The genius of the Spectator’s Peter Robins

26 March 2014

11:11 AM

26 March 2014

11:11 AM

Some of the best journalists in Britain rarely, if ever, have their names in print. One of them is my colleague Peter Robins, the genius chief sub editor (or, technically, production editor) of The Spectator. In his Times column today (£), Matthew Parris has a story about Peter. Here it is:

‘If you sometimes feel you’re getting gobbledegook from this columnist you should realise how much worse gobbledegook you’d get were it not for that most self-effacing of species, the sub-editor. I blush to remember the errors from which this page’s subs have rescued me.

But I believe The Spectator’s Peter Robins touched new heights last week when, after I submitted a column quoting the Latin phrase from which we derive “Don’t speak ill of the dead”, he sent me this email:

“Hello, I’m a tiny bit worried about your Latin . . . You seem to be reading ‘dicendum est’ as third-person present indicative passive, ‘is said’ — but that would be ‘dictum est’, I think. Dicendum’s the gerundive, making this something called a future passive periphrastic conjugation: ‘is to be said’, which in Latin has the force of advice from the speaker.”

He was right. In 50 years’ time, will such paragons even exist?’

I had no idea that Peter had sent this email, but it’s a tiny example of what a great sub editor does all the time. Matthew’s rather sombre endnote is one you hear a lot – are subeditors doomed, as newspapers contract and collapse? My own theory is that brilliant subeditors, like Peter Robins, will be needed more than ever. Here’s why.

In theory, the digital age means that star columnists like Matthew Parris could write on a blog, charge £10 a year and try to make more cash than they do from a newspaper. The digital world has given columnists the ability to sell their wares directly to the public. But this hasn’t happened – columnists have remained within the family of a newspaper or magazine. Why? Because few columns are really the work of just one person. It’s the result of the relationship between the writer, the commissioning editors and the sub editors. No columnist, no matter how renowned, has tried to break free of this arrangement. As a columnist, I can tell you why: we rely too much on other journalists, the people whose names you hardly, if ever, see.

[Alt-Text]


NO COVERBut the role of the sub editor goes far beyond saving the writer from himself. If you pick up any issue of The Spectator, you’ll see the magic of our world-class team sprinkled all over it. Peter stays until the wee small hours, way after everyone else has gone home, sweating the small stuff, working on the contents pages, finding pictures to draw the readers’ attention and the captions which transform the picture into a joke. It is these small touches, his love of language and attention to detail that make The Spectator the kind of magazine you want to have around your living room.

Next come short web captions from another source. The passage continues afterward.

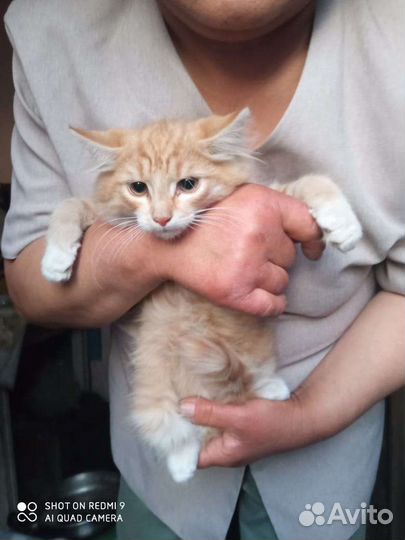 Кошка в дар бесплатно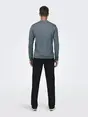 Only & Sons ONSWYLER LIFE REG 14 LS POLO KNIT N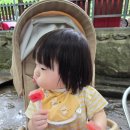 한박농원 이미지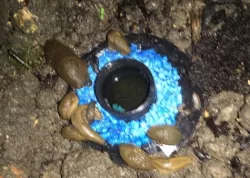 Eco Slug Trap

The skills of a good sub editor now stretch beyond fixing copy. The digital era means subs now write internet-only headlines, Kindle-only headlines, tags, master the dark arts of search engine optimisation and far more. The evolution of the media means new formats, so there has never been a greater need for versitile subeditors who adapt to these new formats. And design, too. The Spectator’s ‘NO’ cover (above), giving our answer to the Royal Charter on press regulation, was designed in about ten seconds by Pete.

I’ve worked for newspapers that have unwisely cut back on sub-editing. It seems to work, at first, because there is no immediate cliff-edge drop in quality. But the rot accumulates. Errors creep in that would have been unthinkable a few years earlier. Sloppy writing goes unchecked, flabby ideas go unchallenged. And even then, the newspapers don’t suffer immediate penalty – readers who have been with the same title for years put up with a lot, before giving up on it. But when they do, the reputation for quality is hard to win back. The management respond to falling revenues with even more cuts, which send even more readers into despair. This is what I call the cycle of doom.

So, the self-effacing species that Matthew talks about are not a luxury. Having good sub editors – nay, great sub editors – is essential for any publication that takes good writing seriously. And not for nostalgic reasons, but for reasons of hard-headed capitalism: money follows quality. That’s certainly our belief at The Spectator, which is why we’re comfortably in the black and read by more people than ever.

I’m not saying that there will be as many sub editors around in 50 years time. But I am saying that the newspapers and magazines who will be around in 50 years time will have bloody good sub editors. And they’ll know that they couldn’t survive without them.

NB: This piece was published without going through a sub editor. I rest my case.